▶ INFORMATION SHOWN:
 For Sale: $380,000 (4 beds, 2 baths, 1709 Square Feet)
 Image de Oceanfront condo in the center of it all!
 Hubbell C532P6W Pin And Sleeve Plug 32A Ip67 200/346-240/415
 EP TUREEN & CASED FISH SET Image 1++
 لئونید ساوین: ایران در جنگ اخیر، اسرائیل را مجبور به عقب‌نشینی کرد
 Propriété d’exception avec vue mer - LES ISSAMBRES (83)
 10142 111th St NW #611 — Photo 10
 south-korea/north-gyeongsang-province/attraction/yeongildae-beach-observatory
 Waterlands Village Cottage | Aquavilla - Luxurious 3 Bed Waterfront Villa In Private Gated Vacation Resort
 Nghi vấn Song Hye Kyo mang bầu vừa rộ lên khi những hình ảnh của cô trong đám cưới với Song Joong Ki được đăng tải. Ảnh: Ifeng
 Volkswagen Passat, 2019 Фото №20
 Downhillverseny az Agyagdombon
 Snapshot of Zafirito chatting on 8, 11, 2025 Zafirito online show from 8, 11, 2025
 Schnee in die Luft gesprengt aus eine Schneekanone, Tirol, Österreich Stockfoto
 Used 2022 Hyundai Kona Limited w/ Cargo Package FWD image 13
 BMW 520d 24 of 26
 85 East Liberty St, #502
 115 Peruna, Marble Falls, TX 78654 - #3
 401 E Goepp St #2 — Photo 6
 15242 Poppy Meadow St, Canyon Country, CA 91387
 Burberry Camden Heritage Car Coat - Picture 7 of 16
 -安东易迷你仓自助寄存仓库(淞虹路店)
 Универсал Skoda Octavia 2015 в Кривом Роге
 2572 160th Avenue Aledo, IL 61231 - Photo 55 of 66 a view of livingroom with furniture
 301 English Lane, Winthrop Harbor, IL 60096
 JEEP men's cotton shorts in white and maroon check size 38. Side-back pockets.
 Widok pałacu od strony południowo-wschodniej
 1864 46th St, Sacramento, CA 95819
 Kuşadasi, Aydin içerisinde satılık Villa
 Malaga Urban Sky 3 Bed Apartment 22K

▶ TASK INSTRUCTIONS: Repeat, exactly and only, the lines from the beginning of the material through the line that contains "401 E Goepp St #2 — Photo 6".

▶ ANSWER TO THE PROBLEM:
 For Sale: $380,000 (4 beds, 2 baths, 1709 Square Feet)
 Image de Oceanfront condo in the center of it all!
 Hubbell C532P6W Pin And Sleeve Plug 32A Ip67 200/346-240/415
 EP TUREEN & CASED FISH SET Image 1++
 لئونید ساوین: ایران در جنگ اخیر، اسرائیل را مجبور به عقب‌نشینی کرد
 Propriété d’exception avec vue mer - LES ISSAMBRES (83)
 10142 111th St NW #611 — Photo 10
 south-korea/north-gyeongsang-province/attraction/yeongildae-beach-observatory
 Waterlands Village Cottage | Aquavilla - Luxurious 3 Bed Waterfront Villa In Private Gated Vacation Resort
 Nghi vấn Song Hye Kyo mang bầu vừa rộ lên khi những hình ảnh của cô trong đám cưới với Song Joong Ki được đăng tải. Ảnh: Ifeng
 Volkswagen Passat, 2019 Фото №20
 Downhillverseny az Agyagdombon
 Snapshot of Zafirito chatting on 8, 11, 2025 Zafirito online show from 8, 11, 2025
 Schnee in die Luft gesprengt aus eine Schneekanone, Tirol, Österreich Stockfoto
 Used 2022 Hyundai Kona Limited w/ Cargo Package FWD image 13
 BMW 520d 24 of 26
 85 East Liberty St, #502
 115 Peruna, Marble Falls, TX 78654 - #3
 401 E Goepp St #2 — Photo 6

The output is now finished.